Angesichts dieser Tatsache hatte Jake natürlich keine andere Wahl mehr. Wortlos setzte er den Blinker und lenkte den Wagen in die Raststätte. Selbst im November herrschte hier noch viel Betrieb. Jake musste den Aston Martin notgedrungen in der hintersten Ecke parken. Er konnte nur hoffen, dass das Auto noch dastand, wenn sie zurückkehrten.

„Das war doch eine gute Idee, oder?“, bemerkte Cassandra, nachdem sie sich mit ihrem Essenstablett an einem Zweiertisch am Fenster niedergelassen hatten. Sie hatte den obligatorischen Salat vor sich stehen, doch in Ermangelung von Milchkaffee trank sie ein Wasser. „So haben wir wenigstens ein wenig Zeit für uns allein.“

„Wir hätten mehr Zeit füreinander gehabt, wenn wir in London geblieben wären“, wandte Jake ein. Er klappte sein Sandwich auseinander und blickte mürrisch auf die fast durchsichtig dünne Scheibe Schinken. Würden die Briten jemals begreifen, dass in ein Schinken-Sandwich auch eine ordentliche Portion Schinken gehörte? fragte er sich verdrossen. Mit nostalgischer Wehmut dachte er an seine Heimat. Was hätte er darum gegeben, wenn er wieder zurück in der Karibik hätte sein können!

„Ich weiß.“ Über den Tisch hinweg legte Cassandra ihre Hand mit den langen roten Fingernägeln auf seine. „Aber wir werden auch unseren Spaß haben, das verspreche ich dir.“

Jake bezweifelte das. Von dem, was Cassandra ihm erzählt hatte, musste ihre Mutter bereits weit über siebzig sein und ihr einziger Bruder mindestens fünfzehn Jahre älter als sie.

Er wusste nicht einmal so genau, wie alt Cassandra war. Ein ganzes Stück älter als er, schätzte er. Aber es hatte ihn nie gestört. Beim Fernsehen oder am Theater hatte das Alter ohnehin einen anderen Stellenwert. Da waren Schauspielerinnen so alt wie sie sich gaben, und viele spielten noch jugendliche Rollen, wenn sie schon weit in den Vierzigern waren.

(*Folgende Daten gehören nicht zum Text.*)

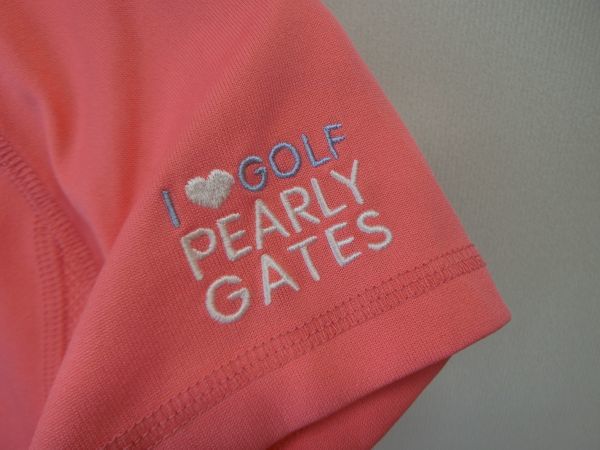 【感謝セール】【美品】PEARLY GATES(パーリーゲイツ) ハーフジップポロシャツ サーモンピンク レディース 0 ゴルフウェア 1902-1390 中古_画像4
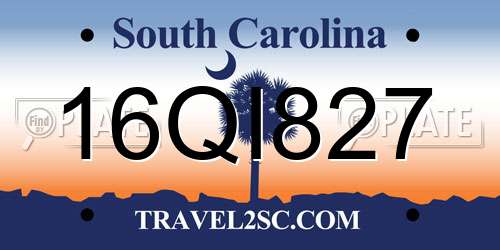 16QI827 South Carolina License Plate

Jake beschloss, der Situation das Beste abzugewinnen. „Erzähle mir etwas über Watersmeet“, bat er. „Wer lebt dort alles, außer deiner Mutter? Du hattest einmal erwähnt, dass es sich um ein größeres Anwesen handelt. Sicher hat sie auch Personal?“

„Oh ja …“ Cassandra schien erst einmal überlegen zu müssen. „Also, da sind Mrs. Blackwood, Mums Haushälterin, und der alte Bill Trivett, der sich um den Garten und das Grundstück kümmert. Früher, als Mum noch Pferde züchtete, hatten wir auch etliche Stallburschen. Aber nachdem die Pferde alle verkauft wurden, braucht sie auch keine Stallburschen mehr, nehme ich an.“

Jake runzelte die Stirn. „Du weißt es nicht, nimmst es nur an?“

Eine leichte Röte erschien auf Cassandras Gesicht. „Es … es ist schon eine Weile her, seit ich das letzte Mal zu Hause war“, verteidigte sie sich. Als sie den Ausdruck auf seinem Gesicht sah, redete sie rasch weiter. „Ich hatte viel zu tun, Darling. Außerdem ist Northumberland nicht gerade leicht zu erreichen, wie du selbst sehen wirst.“

„Es gibt schließlich Flugzeuge.“ Jake biss in sein Sandwich und war froh, dass wenigstens das Brot frisch war.

„Flüge sind teuer“, redete Cassandra sich heraus. „Und ich wollte meine Mutter nicht um Geld bitten.“

„Wie du meinst.“

Jake hatte keine Lust, sich auf eine Diskussion einzulassen, denn es ging ihn im Grunde nichts an. Wenn Cassandra sich so wenig um ihre Mutter kümmerte, war das ihre Sache.

„Hat Mrs. Wilkes nicht eine Gefährtin, die bei ihr wohnt?“, erkundigte er sich dennoch, und wieder sah er die Farbe auf Cassandras Gesicht kommen und gehen.

„Ja, Eve“, erwiderte sie widerstrebend, ohne näher darauf einzugehen. „Der Nachname meiner Mutter ist übrigens Robertson, nicht Wilkes.“

„Ah, wie kommt das?“ Jake schaute sie fragend an.

„Ich habe meinen Namen geändert, als ich nach London gezogen bin“, erklärte sie mit sichtlichem Unwillen. „Das tun viele Schauspieler.“

Jake gab sich damit zufrieden. Aber Cassandras offensichtliche Reserviertheit befremdete ihn auch. „Diese Eve … ist sie eine Altersgenossin deiner Mutter?“ Um seine Mundwinkel zuckte es leicht. „Billigt sie deinen Lebensstil nicht, oder was?“

„Meine Güte, nein!“, versetzte Cassandra so gereizt, dass er sich fragte, womit er diese Reaktion ausgelöst hatte. „Eve ist … eine entfernte Verwandte. Mum hat sie vor etwa zehn Jahren zu sich geholt.“

„Als Gesellschafterin?“

„Zum Teil“, antwortete Cassandra mürrisch. „Ansonsten arbeitet sie als Grundschullehrerin im Ort.“

Jake erwiderte nichts mehr darauf. Er machte sich nur seine Gedanken. Über das, was sie ihm erzählt hatte, ebenso wie über das, was sie ihm verschwiegen hatte. Er hatte das Gefühl, dass Cassandra diese Eve ablehnte. War sie eifersüchtig, weil sie ein so gutes Verhältnis zu ihrer Mutter hatte?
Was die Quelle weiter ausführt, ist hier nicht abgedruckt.